Muscle strains most commonly occur at the musculotendinous junction. Most muscle strain injuries occur as the result of a forceful eccentric muscle contraction. The muscles most commonly involved are those that cross two joints (e.g., hamstrings, gastrocnemius). Another factor that makes certain muscles susceptible to strains is an increased percentage of fast twitch muscle fibers (type II).
The hamstring musculature (biceps femoris, semitendinosus, and semimembranosus) act to extend the hip and flex the knee. The muscle group can be injured any-where along its course from the ischium to the fibular head (biceps femoris) or medial tibia (semitendinosus, semimembranosus). Patients will often describe a pulling/tearing/ripping sensation of the posterior thigh. The most common inciting event is a change in speed while running during athletic activity.
Examination of patients with a hamstring injury includes inspection for ecchymosis along the posterior thigh. Palpation over the point of maximal tenderness for a defect, especially proximal, should be undertaken. Resisted prone knee flexion strength at varying degrees and the ability to actively extend the hip off of the examination table should be compared.
The differential diagnosis is proximal hamstring avulsion/sciatica.
Imaging for hamstring strains is often not necessary when the injury occurs in the midportion of the posterior thigh. Injuries that occur more proximal warrant plain radiographs and an MRI to evaluate for bony avulsion or soft tissue avulsion of the proximal origin. Treatment of midsubstance or musculotendinous injury is very similar. An initial period of rest, ice, compression, and elevation to quell the acute phase of inflammation, while maintaining the length of the muscle, is initiated. Once these initial symptoms subside, isometric followed by isotonic and isokinetic exercises are progressed until a full return to activity based on symptoms is achieved. Recovery from a hamstring strain may range from 3 weeks to 6 months depending on severity. Treatment of proximal avulsions may be surgical with repair back to the ischial origin.
Proceeding to surgery is guided by factors such as tendon displacement and patient expectations.

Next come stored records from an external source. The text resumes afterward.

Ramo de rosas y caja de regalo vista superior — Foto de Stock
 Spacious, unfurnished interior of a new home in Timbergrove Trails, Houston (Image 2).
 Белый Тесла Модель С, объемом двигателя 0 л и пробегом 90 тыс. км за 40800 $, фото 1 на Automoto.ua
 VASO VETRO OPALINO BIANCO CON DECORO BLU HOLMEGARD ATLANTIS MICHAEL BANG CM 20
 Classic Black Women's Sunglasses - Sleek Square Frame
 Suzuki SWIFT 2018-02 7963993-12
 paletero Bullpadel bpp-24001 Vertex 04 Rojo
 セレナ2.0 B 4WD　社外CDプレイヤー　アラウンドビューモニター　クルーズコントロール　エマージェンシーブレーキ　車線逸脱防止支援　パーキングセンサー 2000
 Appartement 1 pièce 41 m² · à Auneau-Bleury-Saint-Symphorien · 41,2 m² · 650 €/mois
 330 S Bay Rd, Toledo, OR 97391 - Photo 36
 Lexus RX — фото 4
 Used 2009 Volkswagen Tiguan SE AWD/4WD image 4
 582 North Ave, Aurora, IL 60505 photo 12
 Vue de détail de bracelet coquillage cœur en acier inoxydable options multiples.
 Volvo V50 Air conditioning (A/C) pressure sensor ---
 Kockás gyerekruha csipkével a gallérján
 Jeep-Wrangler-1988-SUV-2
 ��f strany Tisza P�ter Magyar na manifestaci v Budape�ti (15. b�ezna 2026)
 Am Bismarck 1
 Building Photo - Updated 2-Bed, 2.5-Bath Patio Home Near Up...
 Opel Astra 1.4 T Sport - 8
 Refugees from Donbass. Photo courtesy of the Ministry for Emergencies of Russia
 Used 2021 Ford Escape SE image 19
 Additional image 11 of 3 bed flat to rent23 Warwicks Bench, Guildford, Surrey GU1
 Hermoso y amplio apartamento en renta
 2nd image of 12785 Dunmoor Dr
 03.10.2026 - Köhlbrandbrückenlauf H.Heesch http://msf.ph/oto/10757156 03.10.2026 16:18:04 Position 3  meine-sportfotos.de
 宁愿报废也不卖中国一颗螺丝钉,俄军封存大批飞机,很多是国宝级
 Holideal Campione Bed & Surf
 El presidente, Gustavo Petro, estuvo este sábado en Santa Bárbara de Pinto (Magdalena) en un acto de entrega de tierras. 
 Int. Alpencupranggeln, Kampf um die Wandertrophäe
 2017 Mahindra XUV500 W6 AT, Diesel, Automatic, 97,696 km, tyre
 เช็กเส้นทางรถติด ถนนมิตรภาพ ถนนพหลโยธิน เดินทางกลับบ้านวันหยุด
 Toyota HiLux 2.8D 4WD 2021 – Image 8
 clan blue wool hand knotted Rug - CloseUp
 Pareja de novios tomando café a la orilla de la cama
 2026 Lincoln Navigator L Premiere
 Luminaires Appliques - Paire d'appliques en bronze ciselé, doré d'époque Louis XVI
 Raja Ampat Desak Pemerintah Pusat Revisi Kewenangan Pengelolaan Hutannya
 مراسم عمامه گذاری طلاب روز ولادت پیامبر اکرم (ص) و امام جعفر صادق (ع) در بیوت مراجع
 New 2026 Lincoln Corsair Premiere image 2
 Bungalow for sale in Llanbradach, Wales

Sudden eccentric contraction, most commonly with lateral movement and hyperabduction, is the most common mechanism of injury. Injury events range from slips on a wet floor to those sustained during a sporting activity, commonly soccer, hockey, and basketball. The adductor longus muscle is the most commonly injured muscle-tendon unit.
Examination of patients with adductor strain includes inspection for ecchymosis along the medial thigh and palpation of the adductor origin in the pubic rami. Strength comparison and causation of pain should be examined with the hips and knees fully extended and with both flexed to 45 degrees.
The differential diagnosis includes osteitis pubis (athletic pubalgia, sports hernia, hip joint irritation [labral tear]).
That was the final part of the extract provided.